From the first line to the last, copy the material word for word; pictures stay out.

┄┄┄┄┄┄┄┄┄┄┄┄┄┄┄┄┄┄┄┄

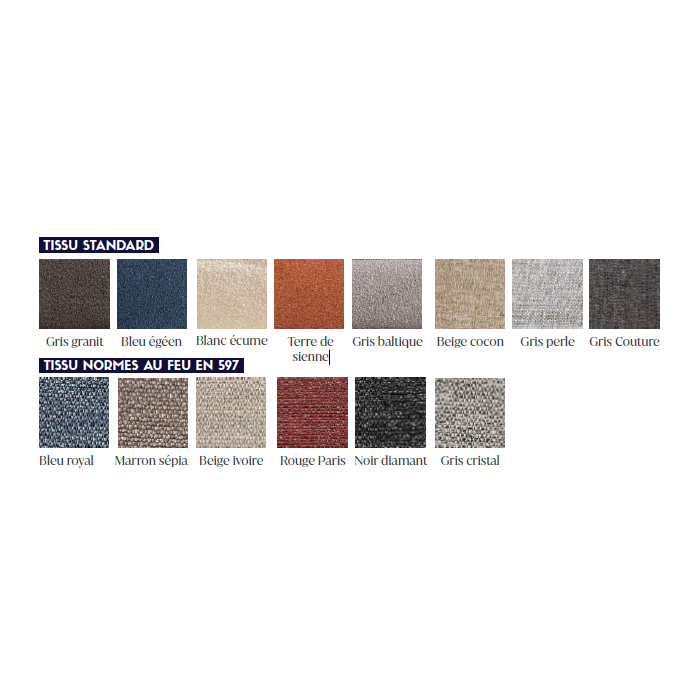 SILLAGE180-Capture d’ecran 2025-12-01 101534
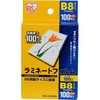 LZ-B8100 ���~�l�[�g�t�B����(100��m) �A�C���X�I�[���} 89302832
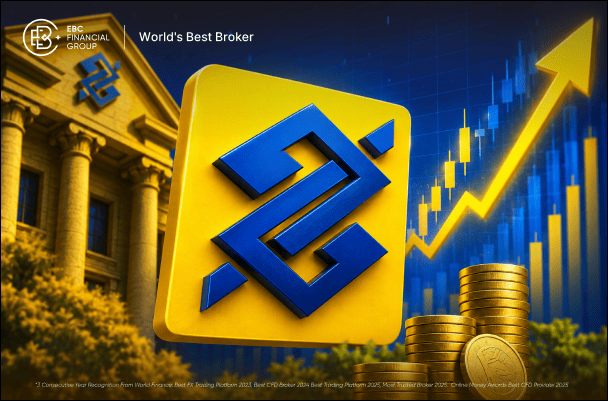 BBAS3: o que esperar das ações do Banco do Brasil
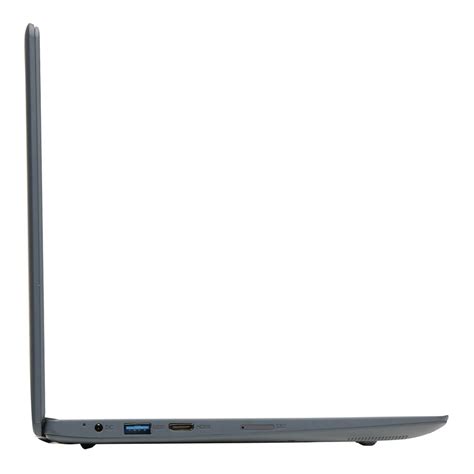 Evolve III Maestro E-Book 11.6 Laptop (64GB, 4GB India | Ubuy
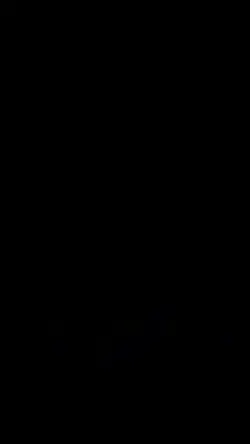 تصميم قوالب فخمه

┄┄┄┄┄┄┄┄┄┄┄┄┄┄┄┄┄┄┄┄

Exercise answer:
 SILLAGE180-Capture d’ecran 2025-12-01 101534
 LZ-B8100 ���~�l�[�g�t�B����(100��m) �A�C���X�I�[���} 89302832
 BBAS3: o que esperar das ações do Banco do Brasil
 Evolve III Maestro E-Book 11.6 Laptop (64GB, 4GB India | Ubuy
 تصميم قوالب فخمه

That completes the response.